Emerging markets from Indonesia to Thailand have eased monetary policy to support consumer demand as Europe’s debt crisis threatens a global economic slump. A 3 percentage-point drop in inflation has boosted Governor Yaseen Anwar’s scope to bolster expansion.
“The central bank has signaled that supporting growth is its priority,” Mustafa Pasha, a Karachi-based economist at BMA Funds Ltd., said before the decision. “Any further reduction in rates would depend on the rupee and government borrowing.”
The Pakistan rupee has weakened 3.2 percent against the U.S. dollar this year, risking higher import costs. The currency declined 0.5 percent to 88.70 against the greenback as of 5:15 p.m. in Karachi. The Karachi Stock Exchange 100 Index advanced 0.2 percent.

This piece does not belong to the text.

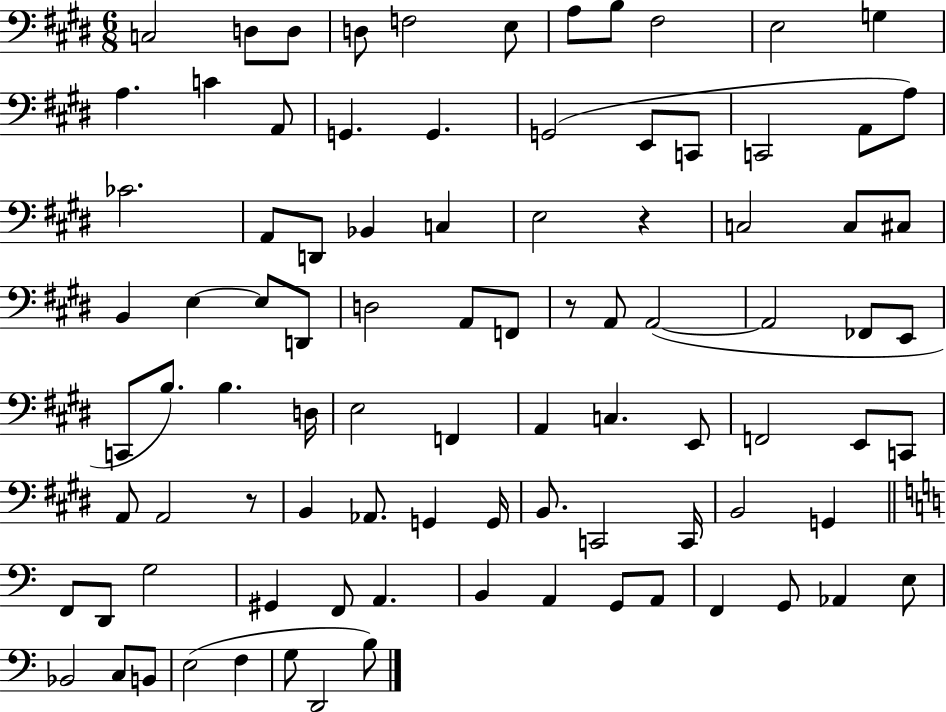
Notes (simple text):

C3/h D3/e D3/e D3/e F3/h E3/e A3/e B3/e F#3/h E3/h G3/q A3/q. C4/q A2/e G2/q. G2/q. G2/h E2/e C2/e C2/h A2/e A3/e CES4/h. A2/e D2/e Bb2/q C3/q E3/h R/q C3/h C3/e C#3/e B2/q E3/q E3/e D2/e D3/h A2/e F2/e R/e A2/e A2/h A2/h FES2/e E2/e C2/e B3/e. B3/q. D3/s E3/h F2/q A2/q C3/q. E2/e F2/h E2/e C2/e A2/e A2/h R/e B2/q Ab2/e. G2/q G2/s B2/e. C2/h C2/s B2/h G2/q F2/e D2/e G3/h G#2/q F2/e A2/q. B2/q A2/q G2/e A2/e F2/q G2/e Ab2/q E3/e Bb2/h C3/e B2/e E3/h F3/q G3/e D2/h B3/e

“A reassessment of latest developments and projections indicate that macroeconomic risks have somewhat increased during the last two months,” the central bank said in a statement today. For instance, the month-on-month inflation trend show the existence of price pressures, and one of the main drivers of inflation is government borrowing, according to the statement.
Government borrowings from the central bank and commercial lenders since July 1 more than doubled to 712 billion rupees ($8 billion) as of Nov. 11 compared with a year earlier, according to the central bank.

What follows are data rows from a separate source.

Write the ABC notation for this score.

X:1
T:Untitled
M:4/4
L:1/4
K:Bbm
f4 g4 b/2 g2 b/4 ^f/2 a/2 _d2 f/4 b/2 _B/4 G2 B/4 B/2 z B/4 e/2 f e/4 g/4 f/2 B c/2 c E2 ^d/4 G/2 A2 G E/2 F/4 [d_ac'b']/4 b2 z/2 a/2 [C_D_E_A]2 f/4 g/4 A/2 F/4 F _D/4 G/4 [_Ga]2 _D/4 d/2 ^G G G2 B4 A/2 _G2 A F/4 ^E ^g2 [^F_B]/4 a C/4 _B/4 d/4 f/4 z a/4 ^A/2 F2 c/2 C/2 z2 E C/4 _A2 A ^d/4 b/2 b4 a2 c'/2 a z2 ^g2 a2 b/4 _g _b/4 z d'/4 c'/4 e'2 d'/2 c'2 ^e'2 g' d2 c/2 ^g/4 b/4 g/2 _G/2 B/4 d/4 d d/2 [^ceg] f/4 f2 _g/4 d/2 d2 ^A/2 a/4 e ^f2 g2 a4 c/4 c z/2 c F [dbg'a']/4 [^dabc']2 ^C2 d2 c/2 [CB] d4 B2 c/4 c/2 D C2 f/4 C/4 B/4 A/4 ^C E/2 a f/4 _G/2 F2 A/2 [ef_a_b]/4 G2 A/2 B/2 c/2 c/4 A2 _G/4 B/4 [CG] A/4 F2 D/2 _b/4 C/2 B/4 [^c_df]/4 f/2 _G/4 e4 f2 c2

Consumer prices rose 11 percent in October from a year earlier, less than the 14 percent gain in January, according to the Islamabad-based Federal Bureau of Statistics.
Policy makers in Pakistan are aiming to boost economic growth from 2.4 percent in the year ended June 30, one of the lowest expansions in the past decade, as the country struggled to cope with floods and militant attacks.

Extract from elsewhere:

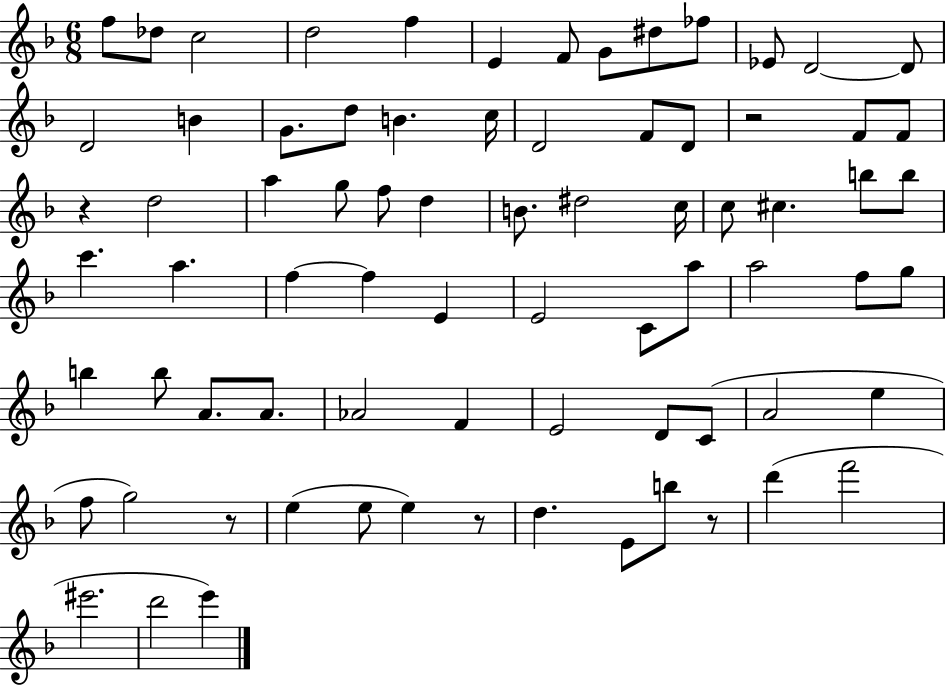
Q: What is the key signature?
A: F major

The growth rate may be 0.5 percentage point lower than the government target of 4.2 percent for the current fiscal year, a finance ministry official said Oct. 19 in a briefing, citing the impact of floods in the country.
Floods in August forced more than one million people from their homes and damaged crops in parts of southern Pakistan still recovering from last year’s worst ever monsoon inundations that devastated the region. Terror attacks in the South Asian nation have killed at least 35,000 people since 2006, according to government estimates.
Foreign direct investment in Pakistan fell 28 percent to $340.2 million from July 1 through October compared with a year earlier.
“Pakistan needs to lower borrowing costs further to encourage investment and demand,” Ruhail Mohammed, chief financial officer at Engro Corp., a Pakistani maker of fertilizer, dairy products and plastics, said before the decision. “This is what regional and other economies are doing to encourage business activity and growth.”
In Asia, Thailand cut borrowing costs today, while Indonesia reduced its reference rate on Nov. 10.
The State Bank cut rates by half a percentage point in the July 30 policy decision. On Oct. 8, the central bank reduced the discount rate by a more-than-expected 1.5 percentage points.